### Problem requirements:
What you return must be the full data, repeated verbatim, with no pictures in it.

Image-caption web data
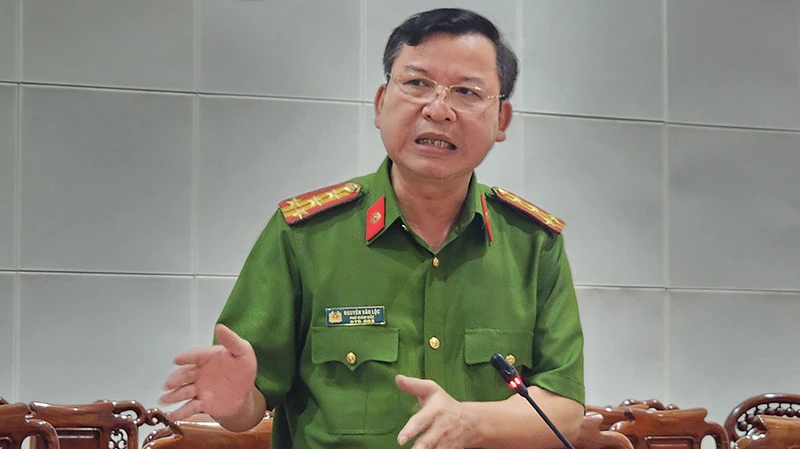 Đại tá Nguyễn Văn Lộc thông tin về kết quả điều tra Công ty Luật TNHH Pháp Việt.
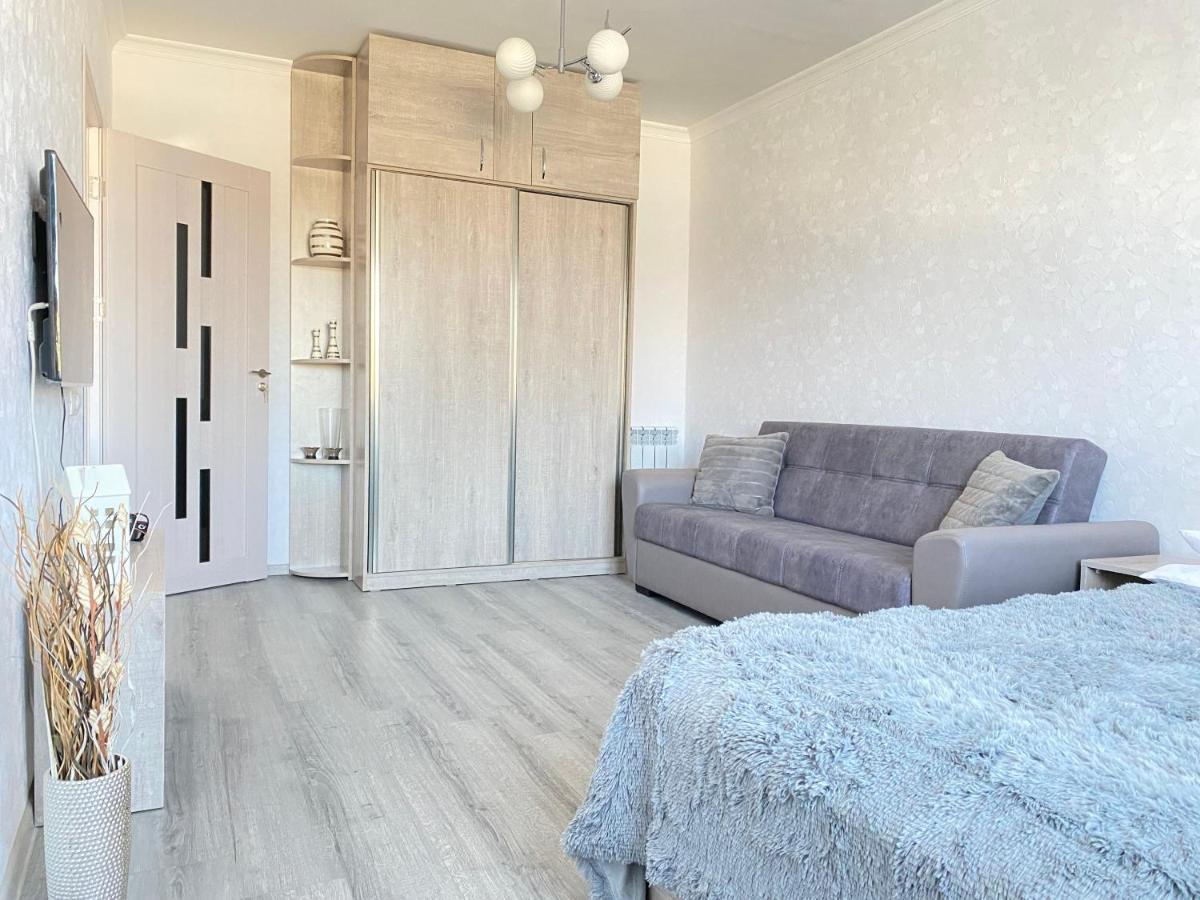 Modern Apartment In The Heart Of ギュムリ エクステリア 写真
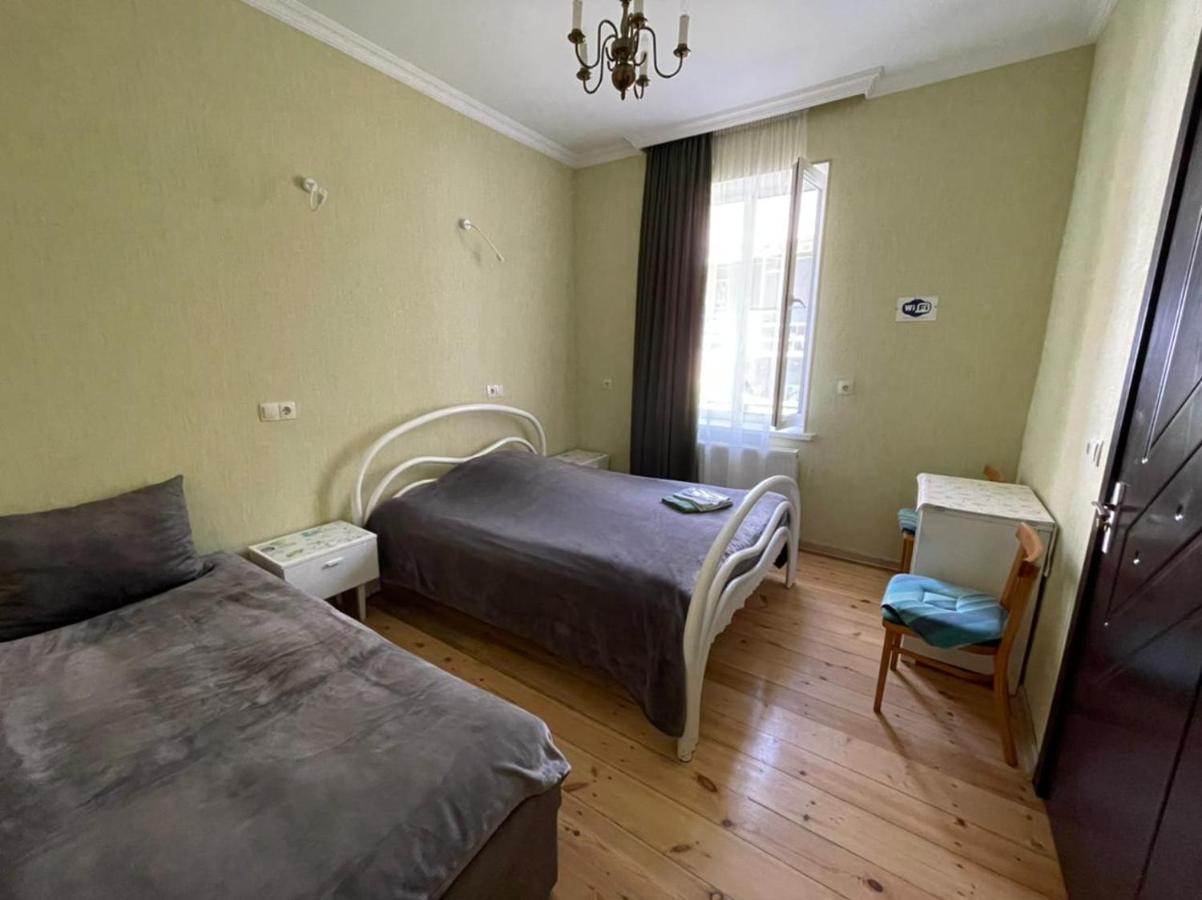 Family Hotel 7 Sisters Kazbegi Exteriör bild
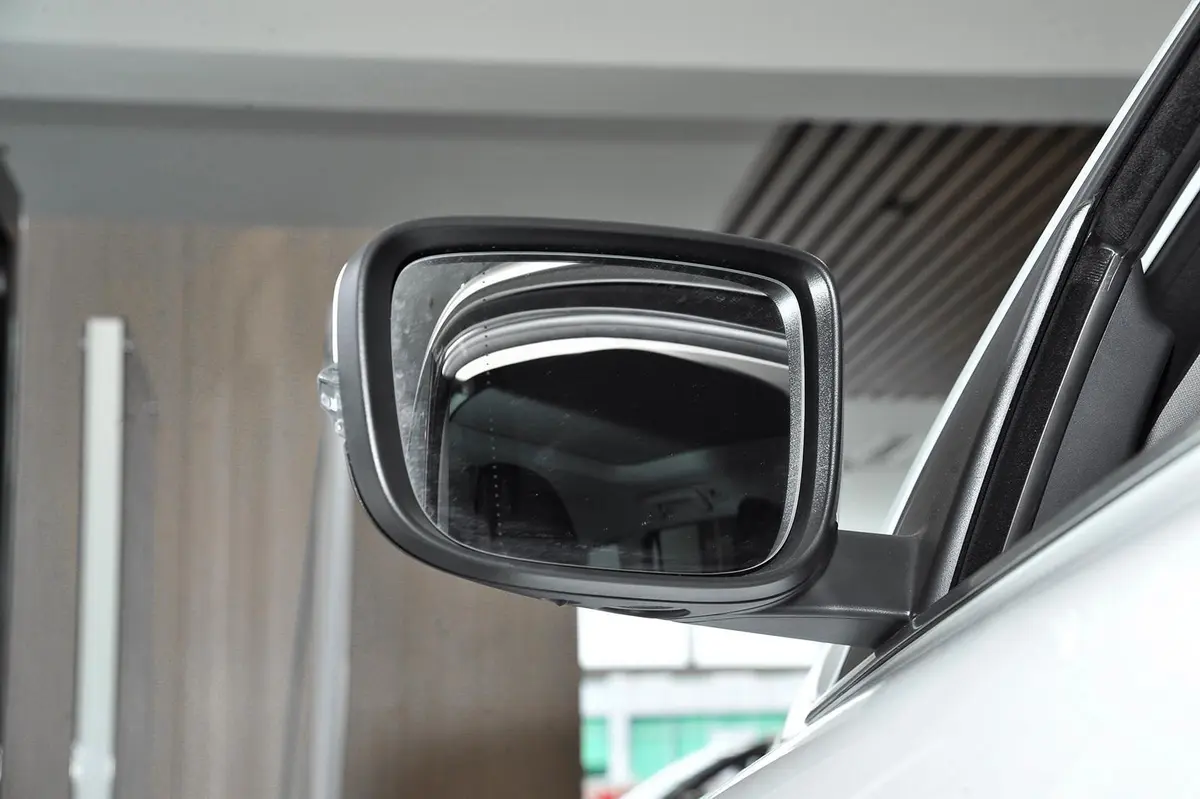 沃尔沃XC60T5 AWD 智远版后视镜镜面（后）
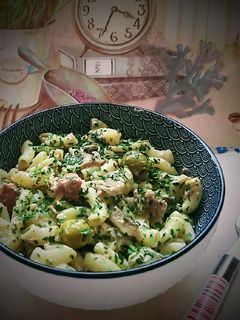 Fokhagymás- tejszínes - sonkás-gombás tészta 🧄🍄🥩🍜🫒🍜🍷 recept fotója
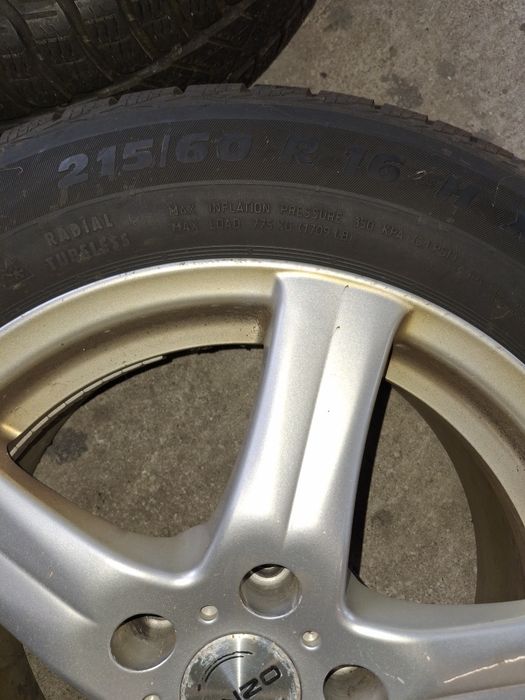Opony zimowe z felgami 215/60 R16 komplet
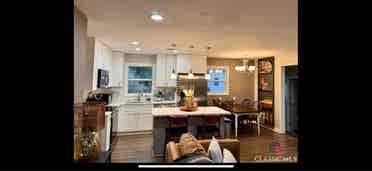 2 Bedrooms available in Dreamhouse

### Response:
 Đại tá Nguyễn Văn Lộc thông tin về kết quả điều tra Công ty Luật TNHH Pháp Việt.
 Modern Apartment In The Heart Of ギュムリ エクステリア 写真
 Family Hotel 7 Sisters Kazbegi Exteriör bild
 沃尔沃XC60T5 AWD 智远版后视镜镜面（后）
 Fokhagymás- tejszínes - sonkás-gombás tészta 🧄🍄🥩🍜🫒🍜🍷 recept fotója
Opony zimowe z felgami 215/60 R16 komplet
 2 Bedrooms available in Dreamhouse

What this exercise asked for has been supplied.